This post is syndicated by the Las Vegas Advisor for the 888 casino group. Anthony Curtis comments on the 888 article introduced and linked to on this page.
AC Says: Although the term is never used, at its core, this article is about expected value (EV). What makes it different from most on the subject is that it describes how EV should be calculated when the primary objective is profit. If you’re playing professionally, or at least with a serious intent of making money, you have to consider all related expenses in your EV equation. Just because a game is good in and of itself doesn’t always mean it’s the best option available when you consider the all-important bottom line. One suggestion I’ll add that applies to any level player is that you keep a record of your results. Although short-term results can paint a misleading picture due to fluctuation, the empirical evidence will help in alerting you to areas that you might want to look at more closely in evaluating your game.
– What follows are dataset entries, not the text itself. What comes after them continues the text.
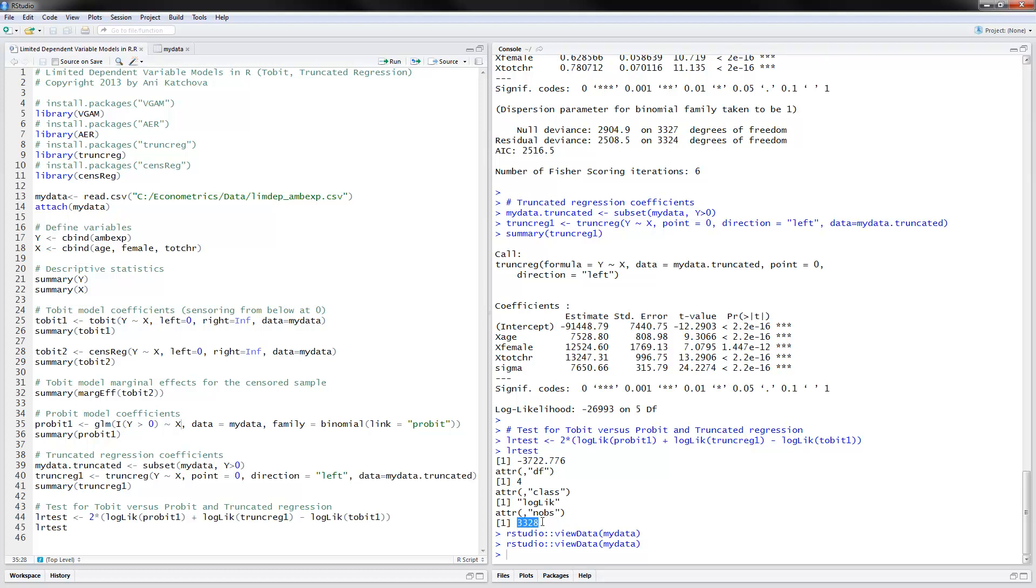And this is the test statistic. And you have to compare it to the critical value for the chi-square distribution. And here we have three independent variables plus an intercept, so four degrees of freedom. And it's actually a very small number, that critical value. So we would reject the hypothesis that the Tobit model is the appropriate model. So, and it's a good thing to actually estimate two different models for the probit and the truncated regression.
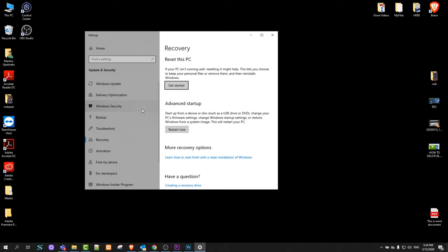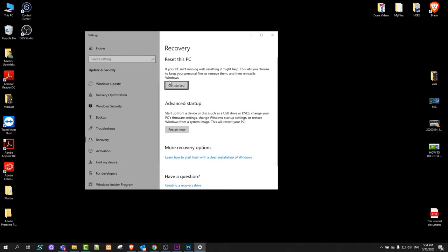Click in there and this will come up. Here you will see reset this pc. Click here on get started. There is advanced startup but you don't need this. Click here on reset this pc and then get started.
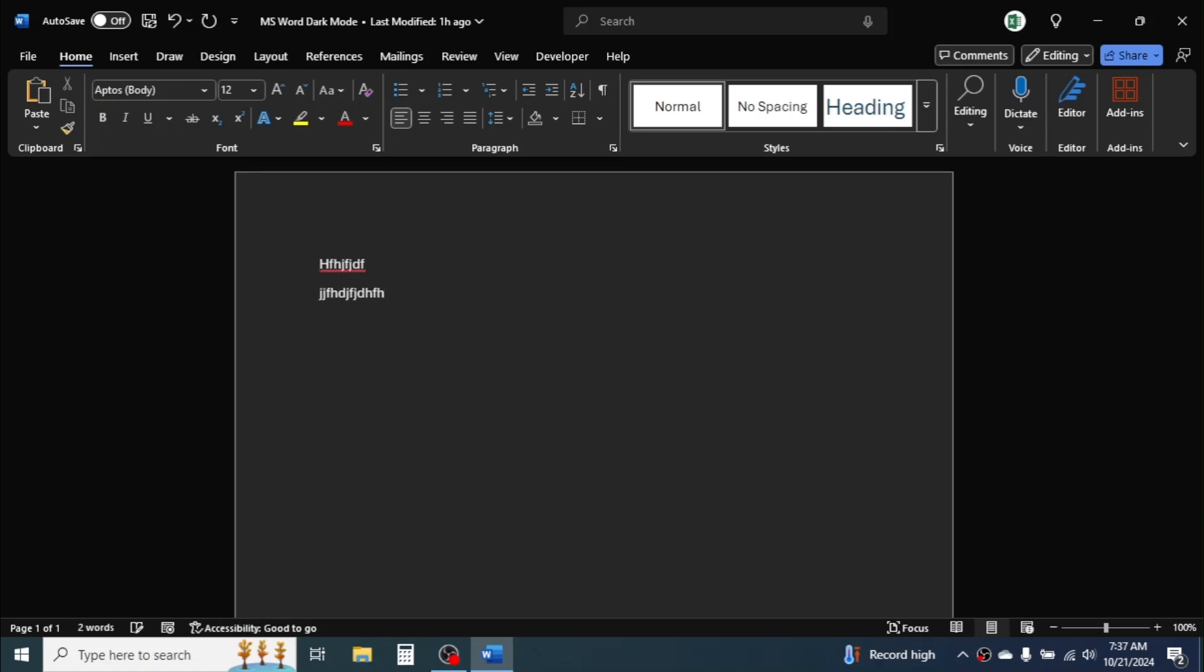So this is the way of applying the night or dark mode in Microsoft Word. Thank you so much for watching this video. See you in next tutorial.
In a previous article I explored how to mathematically evaluate the results of any given casino game that the player is attempting to gain an advantage over. In that discussion I explored how one can relate their theoretical win with their actual win. From this we were able to determine whether our results, good or bad, were in range of the standard deviations of gaming theory. The application was then able to be spread across any game in the casino. It was a universal approach.
The purely mathematical evaluation is vital to determine whether or not we are a consistent winning player, yet it is only one variable in a multivariable equation, or when you ask yourself “Am I truly beating the casino?”